As the studio grew, it reached a stage familiar to many creative businesses, where ambition began to outpace available resource. In this case study, Managing Director Ben Harding and Finance Director Rebecca Clayton reflect on NewTerritory’s growth journey, the role investment from Creative UK played in unlocking its next phase, and how the business is continuing to evolve following its acquisition by geniant.

Ben Harding and Rebecca Clayton
Creative UK: Can you start by describing NewTerritory and its place within the creative experience design space?
Ben: We sit in an interesting and quickly evolving space. We see ourselves as a brand experience studio, and the key to that is how we think about brand. In the past, branding services focused more on visual identity, such as logos, colour palettes and tone of voice, but that has evolved into something much broader over the last decade. For us, brand represents the relationship any business has with its customers or employees.

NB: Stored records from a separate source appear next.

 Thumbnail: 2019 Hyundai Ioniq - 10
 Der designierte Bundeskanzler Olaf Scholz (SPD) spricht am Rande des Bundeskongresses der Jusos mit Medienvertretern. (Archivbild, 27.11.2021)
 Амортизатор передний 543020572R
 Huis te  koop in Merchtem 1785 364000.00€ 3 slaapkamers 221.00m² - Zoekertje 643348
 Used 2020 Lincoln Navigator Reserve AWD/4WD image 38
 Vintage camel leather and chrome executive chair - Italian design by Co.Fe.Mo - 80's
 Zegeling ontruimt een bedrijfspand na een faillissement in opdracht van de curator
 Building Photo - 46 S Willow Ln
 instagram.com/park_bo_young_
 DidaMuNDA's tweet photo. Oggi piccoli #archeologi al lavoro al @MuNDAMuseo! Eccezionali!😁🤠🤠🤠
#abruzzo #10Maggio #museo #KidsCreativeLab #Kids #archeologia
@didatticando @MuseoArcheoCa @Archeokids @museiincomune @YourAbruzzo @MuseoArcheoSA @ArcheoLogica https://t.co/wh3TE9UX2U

We design end-to-end customer and employee experiences that are synonymous with a brand. You know the feeling when a moment on a flight, in a store, or in a service interaction just feels right. It’s so distinctive that it couldn’t belong to anyone else. That’s brand experience done well. At its best, we can remove a logo entirely and design experiences that still feel unmistakably ‘on brand’.
Our work spans physical, digital, spatial and service design but is fundamentally about using brand as the glue that holds these pieces together.
Creative UK: How has NewTerritory evolved since its launch, and what have been some of the key milestones along the way?
Ben: The business began with a traditional industrial and product design foundation, particularly within aviation. Even in the early days, there was a clear understanding that product alone was not enough and that the wider experience around it mattered just as much.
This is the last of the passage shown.